2011-04-16

My need of Olof

My copy of "Cat´s Cradle" was old and yellowed and hard on my hands (some other paper shuffling didn´t help any) and now I´m reading Olof Lagercrantz again, with cotton gloves on. If I´m not careful, I´ll soon be constricted to whatever is available electronically and I don´t like it. But perhaps the answer lies with Lagercrantz. In "Vårt behov av Olof" (= our need of Olof), a friendship book given to him on his 90th birthday (I suppose there would have been too many speeches for him to hear at the birthday dinner if they hadn´t given all those writers a few pages each) one of his friends point out that he read slowly and he read thoroughly, usually he spent three or four years with a book, and that book usually generated a book of his own.

"Min första krets" (= my first circle) is Lagercrantz´s memoir of his first twenty-five years. The book was inspired by his reading of Joseph Conrad´s "Heart of Darkness". Eerily, Lagercrantz found some clues in there to his childhood and his low-aristocratic, military family. What I like about his book is that he does not judge. He only tells it the way he experienced it at the time. Some of the things he has to say about the way he and his siblings were brought up are horrific, and one sister killed herself at nineteen, jumping out of a window. He is actually rather generous towards his father, recognizing that if you have no imagination, how can you act compassionately?

What saved him, in a way, was tuberculosis. It struck him down hard while he was doing military service, he spent several years in sanatoriums, and it wasn´t certain that he would survive. While he was ill, his aunt sent him books from his grandfather´s collection and only then did he begin to read. Rather late in life for a future writer. He doesn´t say so, but I think the reading kind of saved his soul, and maybe it strengthened his will to live. He has later (as many in the friendship book testifies) described his life as a series of awakenings, and literature was certainly what made the world make sense to him. Perhaps that is why I feel so, well, related to him.

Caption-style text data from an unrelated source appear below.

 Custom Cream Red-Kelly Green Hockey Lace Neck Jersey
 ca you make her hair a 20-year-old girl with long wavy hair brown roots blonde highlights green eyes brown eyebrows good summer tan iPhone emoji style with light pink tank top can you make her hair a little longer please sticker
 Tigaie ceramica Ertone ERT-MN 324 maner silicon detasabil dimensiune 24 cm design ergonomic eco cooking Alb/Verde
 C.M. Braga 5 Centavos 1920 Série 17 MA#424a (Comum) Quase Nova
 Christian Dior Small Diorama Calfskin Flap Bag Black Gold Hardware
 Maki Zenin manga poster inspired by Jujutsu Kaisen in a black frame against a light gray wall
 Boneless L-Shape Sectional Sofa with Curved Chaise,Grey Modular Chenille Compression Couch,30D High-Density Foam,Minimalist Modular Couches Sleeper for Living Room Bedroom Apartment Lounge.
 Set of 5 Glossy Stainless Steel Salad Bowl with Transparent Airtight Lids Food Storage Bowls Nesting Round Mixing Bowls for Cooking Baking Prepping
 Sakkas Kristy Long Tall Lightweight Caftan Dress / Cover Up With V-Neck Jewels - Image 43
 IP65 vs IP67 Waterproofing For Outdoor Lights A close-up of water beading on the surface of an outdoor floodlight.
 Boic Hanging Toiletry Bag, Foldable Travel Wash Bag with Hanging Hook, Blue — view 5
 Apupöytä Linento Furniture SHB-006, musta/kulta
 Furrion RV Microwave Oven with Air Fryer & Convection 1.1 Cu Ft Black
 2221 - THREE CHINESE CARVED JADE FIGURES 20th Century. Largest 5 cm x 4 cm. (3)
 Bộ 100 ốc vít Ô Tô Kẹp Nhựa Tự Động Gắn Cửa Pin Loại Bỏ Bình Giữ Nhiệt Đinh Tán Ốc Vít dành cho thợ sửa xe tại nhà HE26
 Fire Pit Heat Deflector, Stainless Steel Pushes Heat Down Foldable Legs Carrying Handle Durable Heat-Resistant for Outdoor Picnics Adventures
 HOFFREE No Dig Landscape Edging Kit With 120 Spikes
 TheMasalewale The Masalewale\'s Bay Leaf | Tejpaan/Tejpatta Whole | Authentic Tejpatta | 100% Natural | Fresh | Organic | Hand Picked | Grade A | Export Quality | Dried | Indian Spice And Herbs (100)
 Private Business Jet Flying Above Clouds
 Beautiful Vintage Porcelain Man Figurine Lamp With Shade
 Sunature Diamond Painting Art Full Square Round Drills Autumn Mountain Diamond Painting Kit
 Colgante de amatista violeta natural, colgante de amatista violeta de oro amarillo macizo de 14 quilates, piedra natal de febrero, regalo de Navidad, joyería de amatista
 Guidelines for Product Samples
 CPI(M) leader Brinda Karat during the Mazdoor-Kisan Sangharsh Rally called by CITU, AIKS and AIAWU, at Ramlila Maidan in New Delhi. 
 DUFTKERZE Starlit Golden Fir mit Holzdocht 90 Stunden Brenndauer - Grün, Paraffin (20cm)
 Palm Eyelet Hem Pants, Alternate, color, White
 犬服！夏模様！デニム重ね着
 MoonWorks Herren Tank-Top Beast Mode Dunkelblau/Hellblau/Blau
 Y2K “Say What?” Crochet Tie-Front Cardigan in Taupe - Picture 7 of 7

I am also happy to see that in the friendship book, someone else has noticed that he, in his portrait of Olof Palme, described something of himself. It makes me feel like I haven´t totally misunderstood him. Lagercrantz has been described as the devil by some (not quite as hated as Palme, though), but I find it hard to understand why. But perhaps the Lagercrantz of the 70´s, the newspaper man, and the old Lagercrantz of 2001, the author, are somewhat different people. And not everyone has the ability to forgive and move on.

Perhaps I should read slower. But I do have books that I return to all the time. Mostly for pleasure though, I´m not sure Austen (for example) has contributed that much to my growth as a human being. Maybe it´s time to re-read some of those books that I always think of as ones that changed my perception of literature and, indeed, reality. Like Milan Kundera´s "The Unbearable Lightness of Being". Is it still as good as it once was? He gave me some clues to my childhood and background! For now, I´ll put it on my list. And try to stay away from paper.